Sur Isaïe 22, 1-14

L’oracle sur la vallée de Hinnom

 

Père Jean Steinmann

Le prophète Isaïe, sa vie, son œuvre et son temps, p. 233s

 

La foule est montée sur les terrasses de toits pour apercevoir le cortège triomphal. Les généraux de l’armée, la garde royale défilent. Ils entrent dans la ville par le sud, par la Gé-Hinnom ; il semble que ce soit dans cette vallée qu’Isaïe prononce son poème. Il assiste prophétiquement en esprit à la défaite, qui se change en une honteuse déroute. Les troupes d’Ezéchias ont renoncé à combattre. Les égorgés ne tombent pas sous les coups de l’épée, mais sont empalés sur l’ordre de Sennachrib.
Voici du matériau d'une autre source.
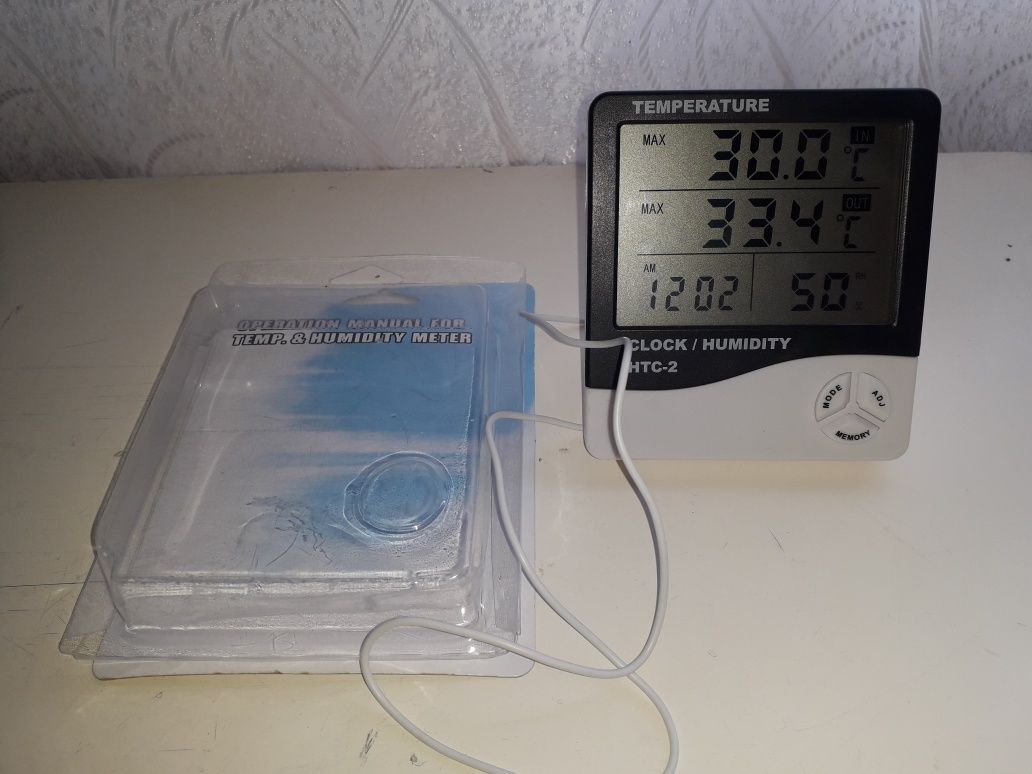 Термомер часы наружная и внутренняя температура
Les morts de sont pas atteints en combattant, mais sont tués honteusement dans leur fuite par les soldats assyriens.

 

Cette prévision de la débâcle et de la défection de l’armée provoque dans l’âme d’Isaïe une douleur pathétique. Une pareille compassion est rare de sa part. Habituellement le prophète a beau prédire les pires désastres, il semble y rester insensible. Cette fois, par contraste avec la joie générale, il se peint lui-même en train de se détourner de la foule bruyante pour éclater en sanglots.

 

Ensuite, à partir du verset 5, le prophète énumère les causes de la défaite. Si la coalition anti-assyrienne était puissante, les armées de l’Assyrie l’étaient plus encore. Isaïe énumère quelques-uns des peuples qui fournissaient à Sennachérib des mercenaires, et l’on peut rapprocher ce passage de son poème de l’oracle de la chute de Babylone, à propos duquel on pouvait s’étonner de la présence des Elamites sous les ordres des Assyriens. Qoâ et Shoâ, dont on croit retrouver les noms, sont deux peuples établis sur les bords d’un affluent du Tigre. La montagne contre laquelle se dresse Shoä est celle de Sion. Qîr est une tribu d’Araméens. Les vers de la fin du poème représentent la vallée de Hinnom remplie de cavaliers et de chars ennemis. C’était dire que tout le pays céderait à la pression de l’envahisseur.